Output the whole listing exactly, with no pictures.
Start of Supplied data
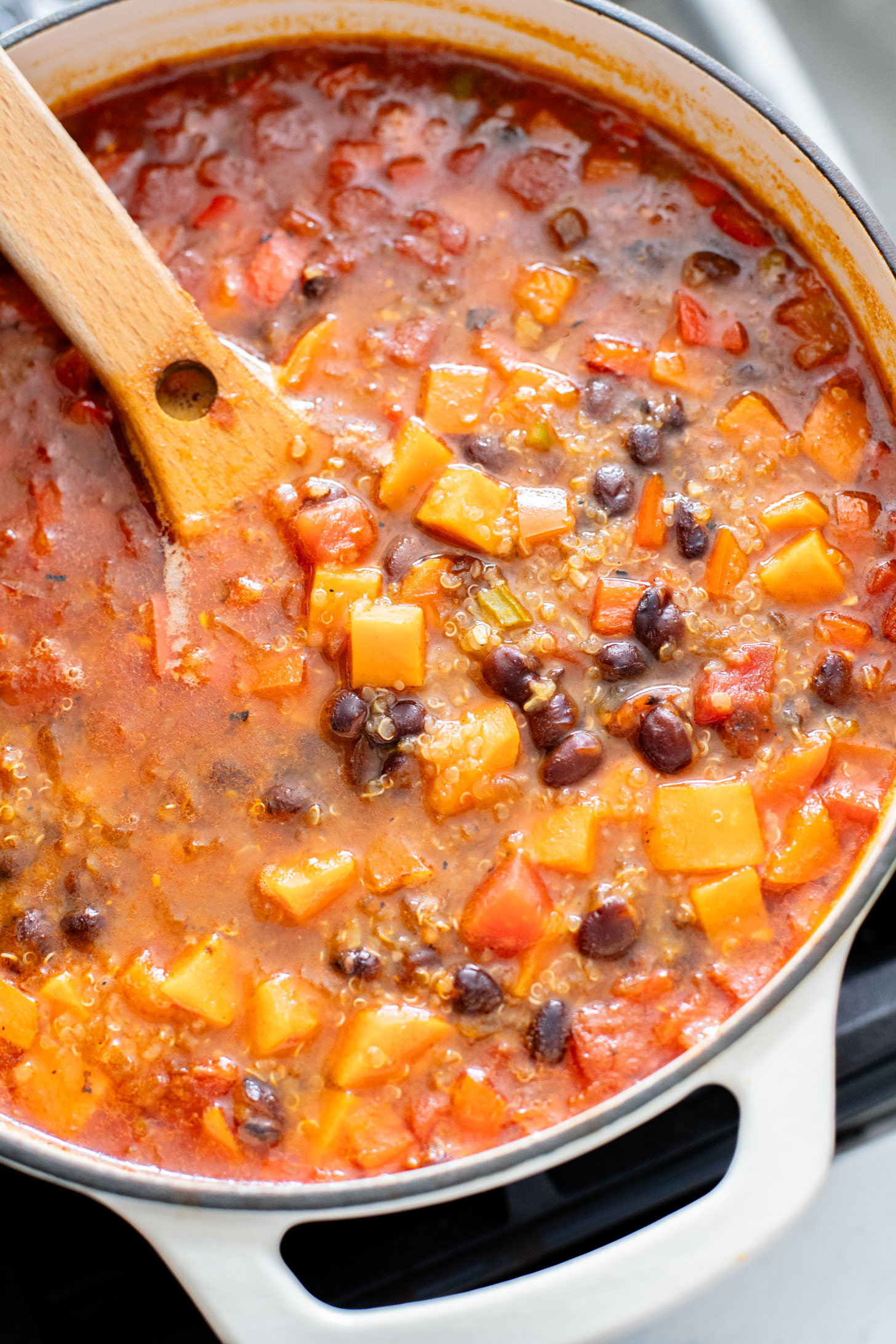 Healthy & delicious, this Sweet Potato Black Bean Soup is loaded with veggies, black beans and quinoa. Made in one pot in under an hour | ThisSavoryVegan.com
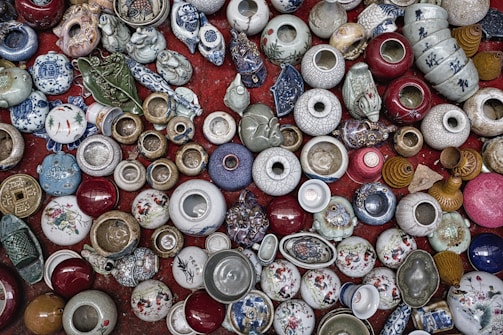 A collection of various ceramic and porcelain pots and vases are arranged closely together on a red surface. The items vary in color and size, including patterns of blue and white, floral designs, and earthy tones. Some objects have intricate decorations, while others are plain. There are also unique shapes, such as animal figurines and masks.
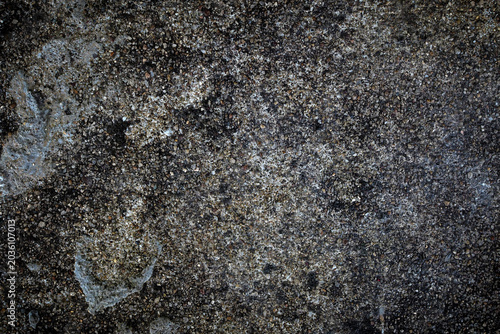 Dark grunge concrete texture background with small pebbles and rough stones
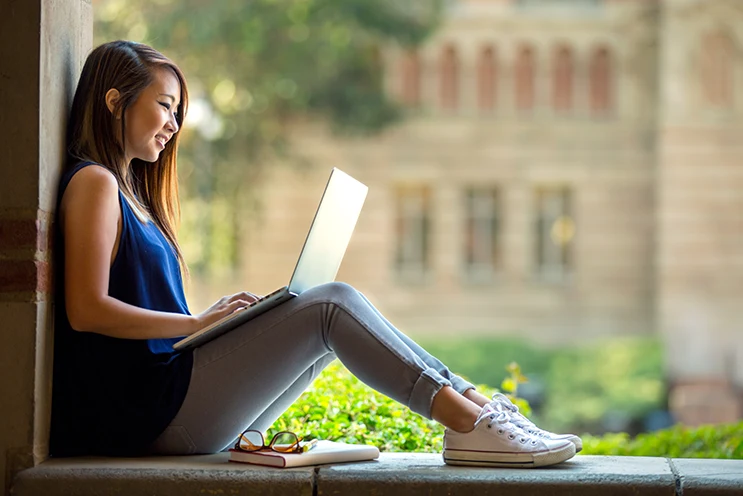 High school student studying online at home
End of Supplied data
Answer for the task |
 Healthy & delicious, this Sweet Potato Black Bean Soup is loaded with veggies, black beans and quinoa. Made in one pot in under an hour | ThisSavoryVegan.com
 A collection of various ceramic and porcelain pots and vases are arranged closely together on a red surface. The items vary in color and size, including patterns of blue and white, floral designs, and earthy tones. Some objects have intricate decorations, while others are plain. There are also unique shapes, such as animal figurines and masks.
 Dark grunge concrete texture background with small pebbles and rough stones
 High school student studying online at home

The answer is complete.